Holly Tupper
Holly Tupper grew up on Manhattan’s Upper East Side, surrounded by her mother’s flowers and her father’s spreadsheets. Her mother worked as a floral designer; her father traded stocks by day but “was very much a” creative soul at heart. Tupper inherited both influences. She spent years in finance before the pull of something more tactile became impossible to ignore. The turning point came in Singapore, where Tupper began seriously exploring fragrance creation. She refined her craft through formal studies in Grasse, France—the historic heart of perfumery—and in Bangkok, Thailand, absorbing Eastern approaches to scent. By the 1990s, she left finance behind and launched Cultus Artem, an independent house spanning fine jewelry, luxury fragrance, and artisanal skincare.
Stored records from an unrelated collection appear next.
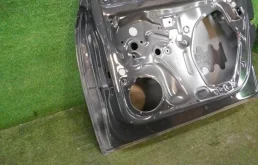 Дверь передняя правая для Volkswagen Polo 2018 года на фотографиях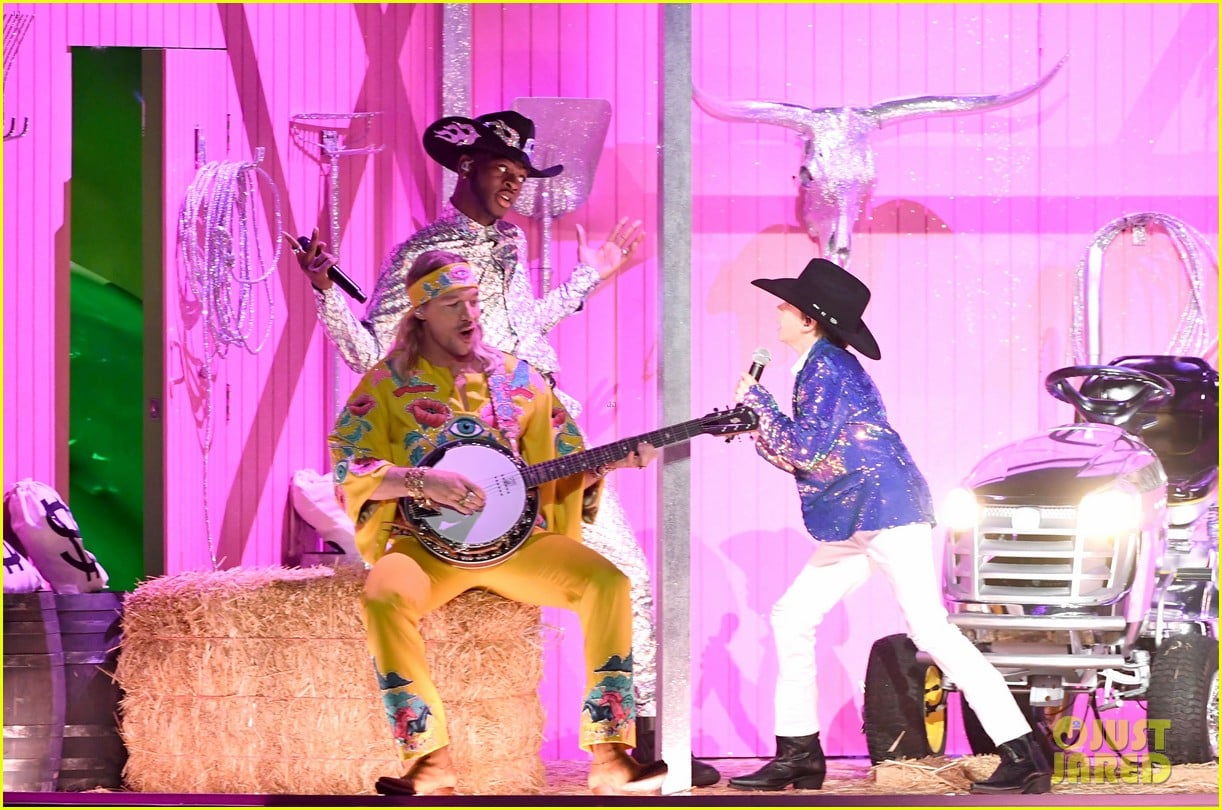 Lil Nas X Pays Tribute To Kobe Bryant During 'Old Town Road' Grammys Performance Photo 4424231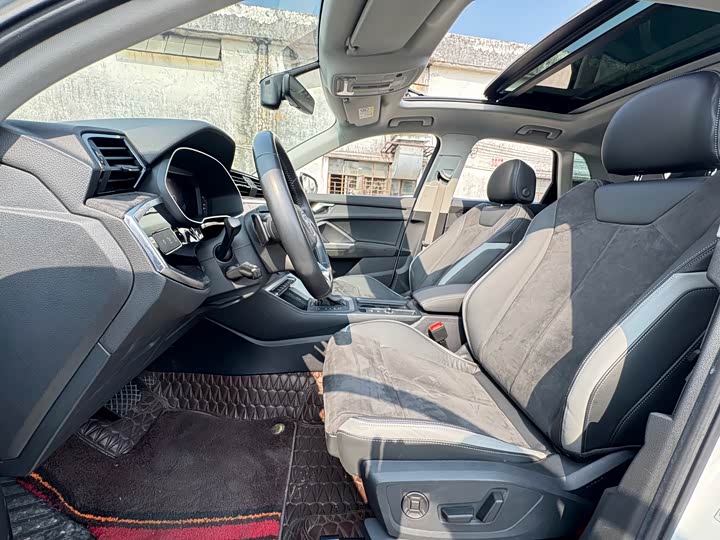 Фото 7 - Audi Q3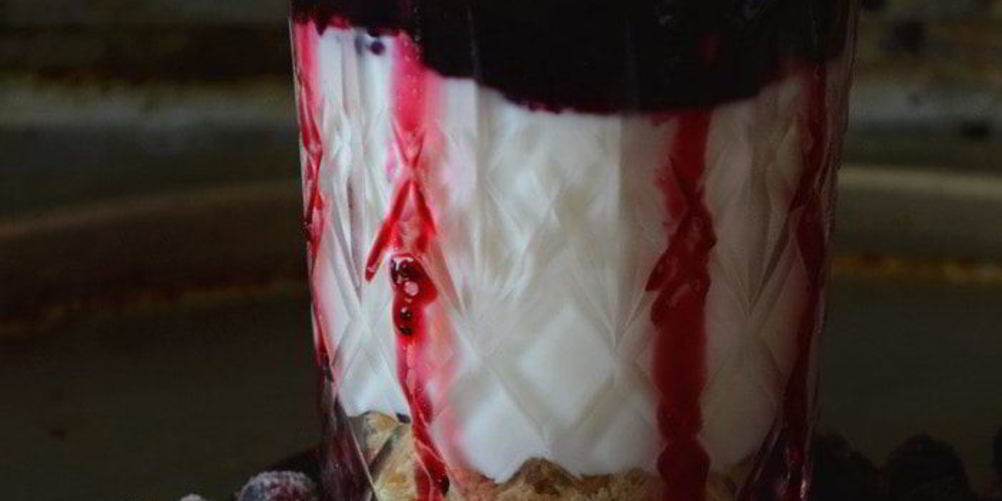 Рецепт йогуртовый десерт с быстрым домашним джемом из черной смородины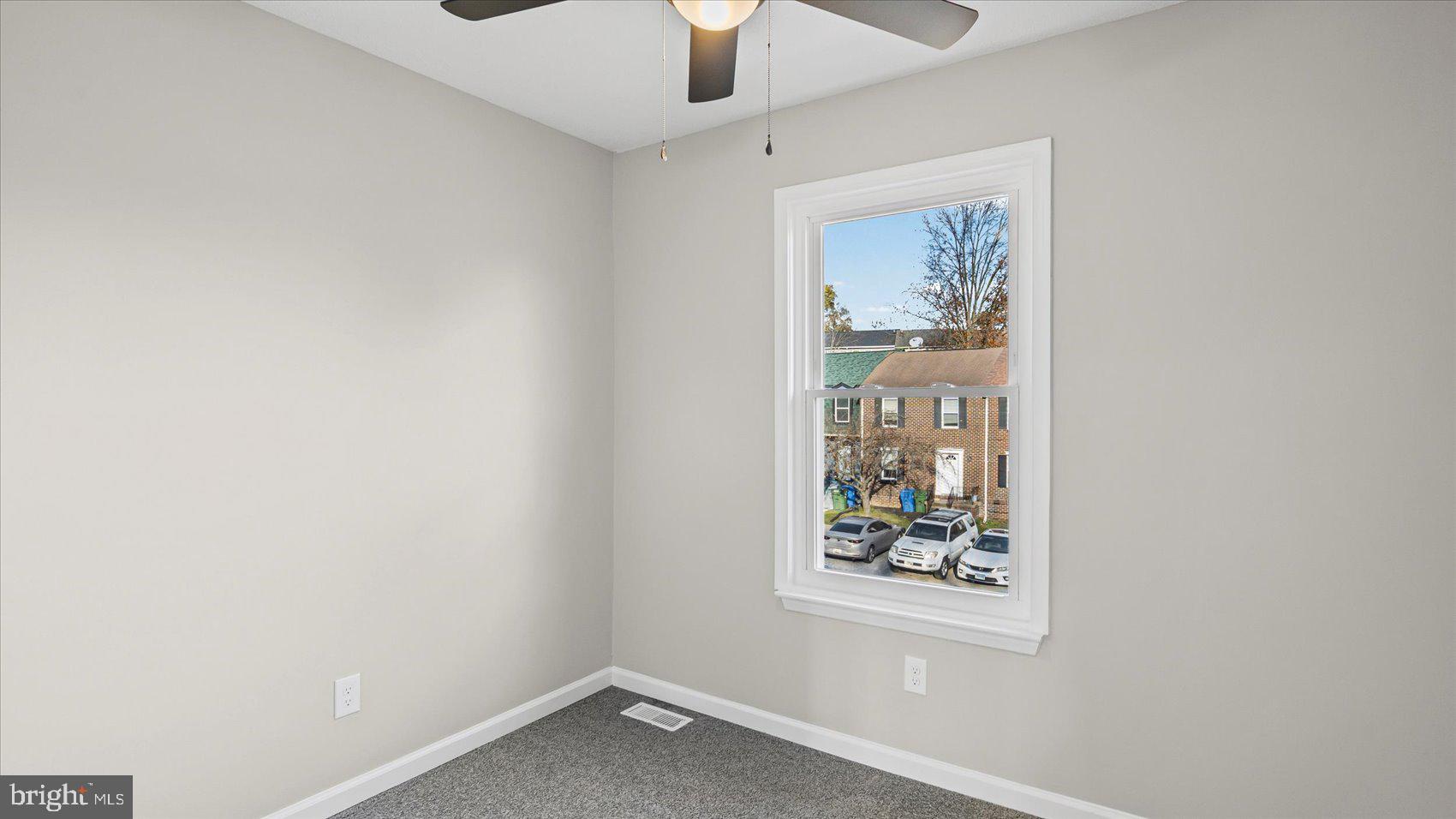 WOODSDALE MANOR - Residential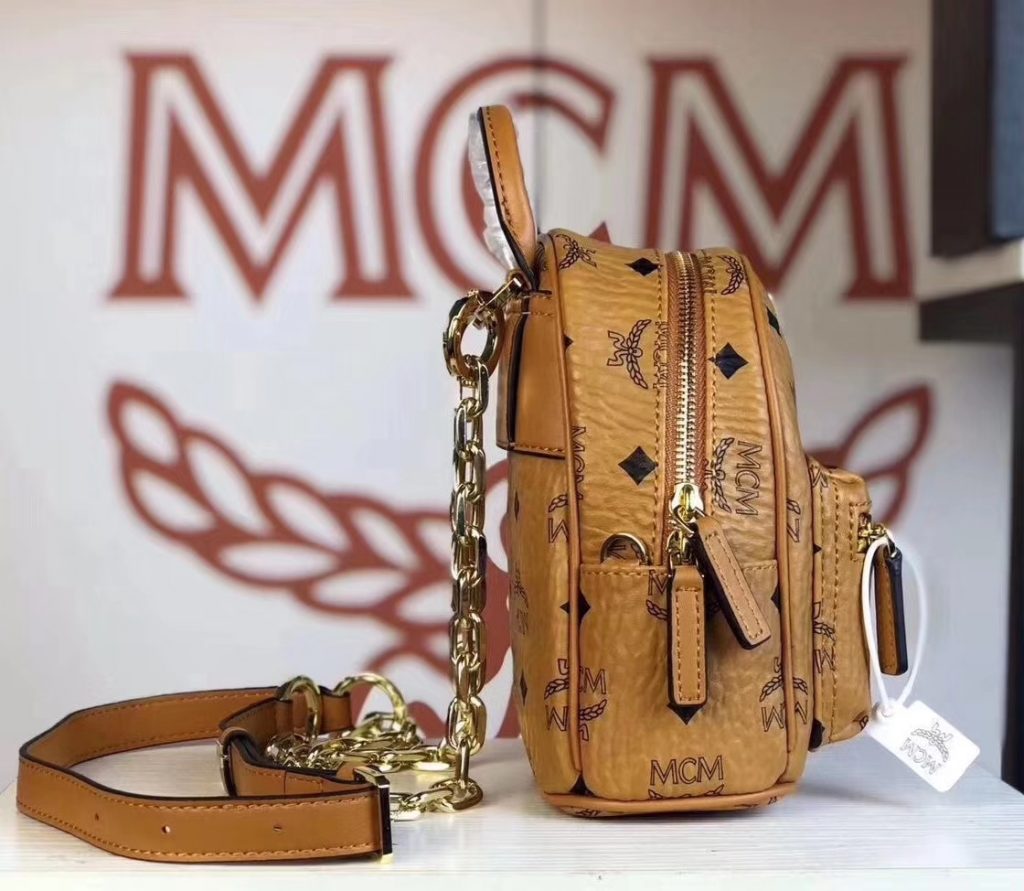 MCM 2019 新款 Essential X-mini 单肩/斜挎包（土黄）采用 MCM标志性Visetos印花设计 配有多功能肩带 可斜挎或手拎使用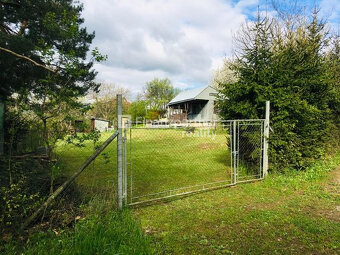 Romantický 900m2 pozemok v Prešove aj s prístupovou cestou ( - 4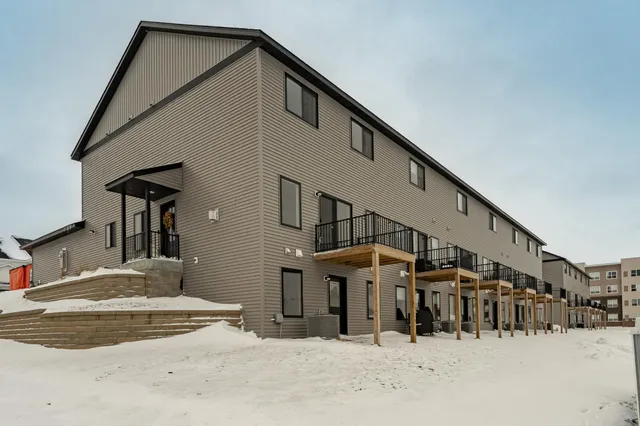 $349,900 | 5205 Harvest Sq Place Northwest, Rochester, MN 55901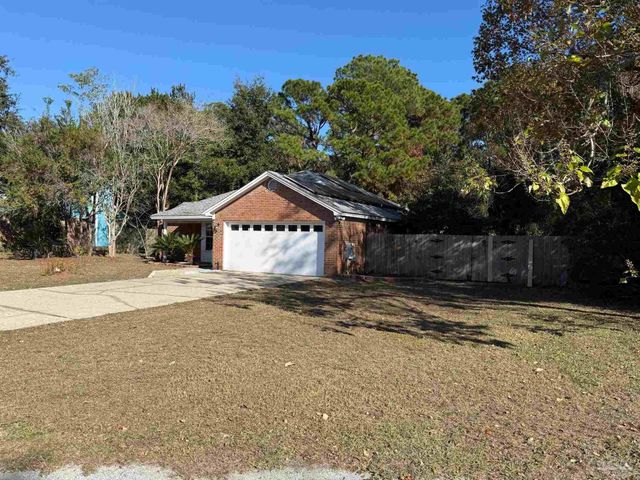 1514 Mariners Cir, Gulf Breeze, FL 32563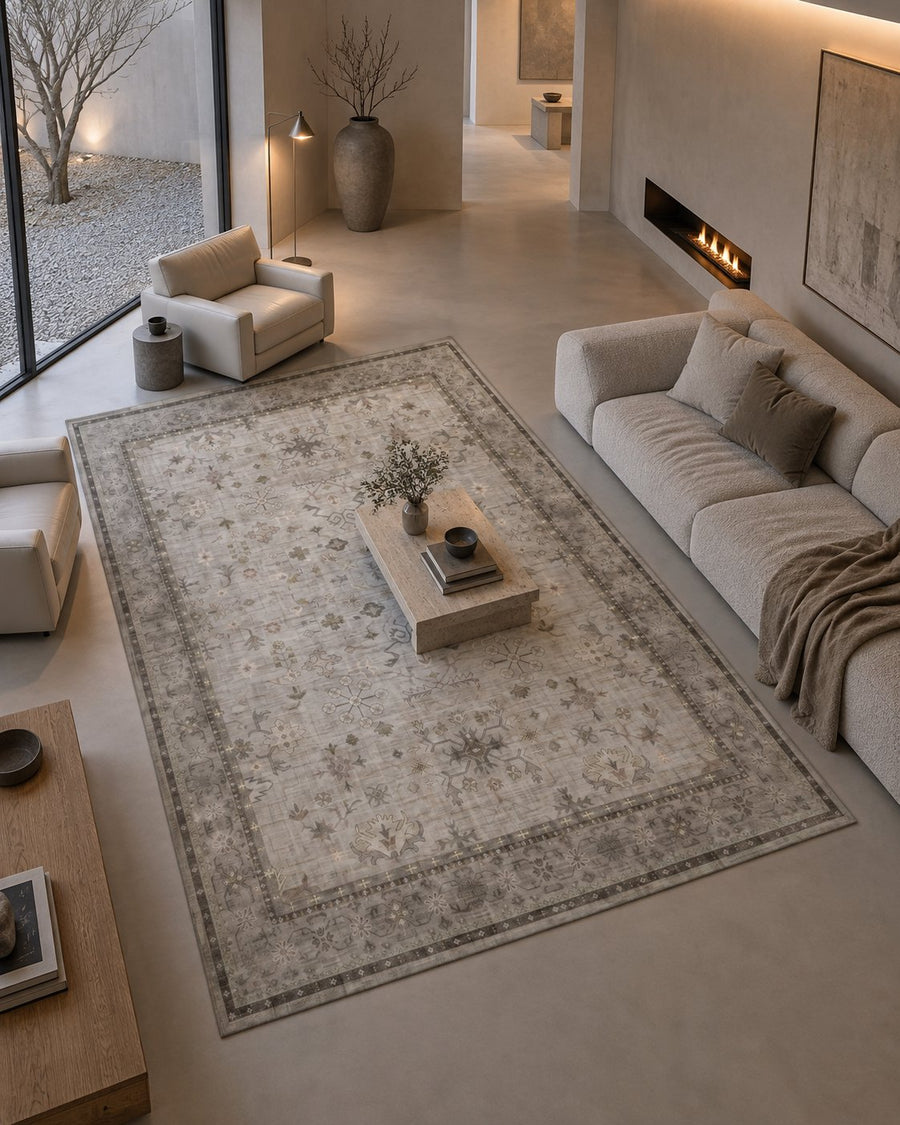 Tapis persan vintage gris clair dans une maison galerie, vue d'ensemble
Today, Tupper divides her time between her San Antonio atelier and a working ranch in Texas, where the wide-open landscape offers its own kind of inspiration. She continues to develop new scents from her studio, treating each fragrance as she would a piece of jewelry: something meant to be worn, treasured, and passed down.
The signature
How Holly composes
Tupper draws heavily from her floral designer mother’s world, building fragrances around lush floral foundations—often layered with unexpected mineral or resinous undertones. Her background in jewelry-making translates into a keen attention to structure and precision; each note gets placed with the care of a setting on a ring. She favors natural materials when possible and trusts the passage of time within a composition. Her style leans toward the sculptural: bold shapes softened by texture, quiet strength rather than loud entrance.
Philosophy
What drives Holly
Tupper approaches fragrance as she approaches jewelry—each piece must stand alone as an object of beauty, while also carrying deeper meaning. She resists the transient. Her art-forward philosophy means every creation demands intention, patience, and a willingness to let materials speak on their own terms. Living and working in Texas has shifted her perspective further toward restraint and naturalism, favoring compositions that feel earned rather than obvious. For Tupper, perfume is not decoration; it is identity, made invisible.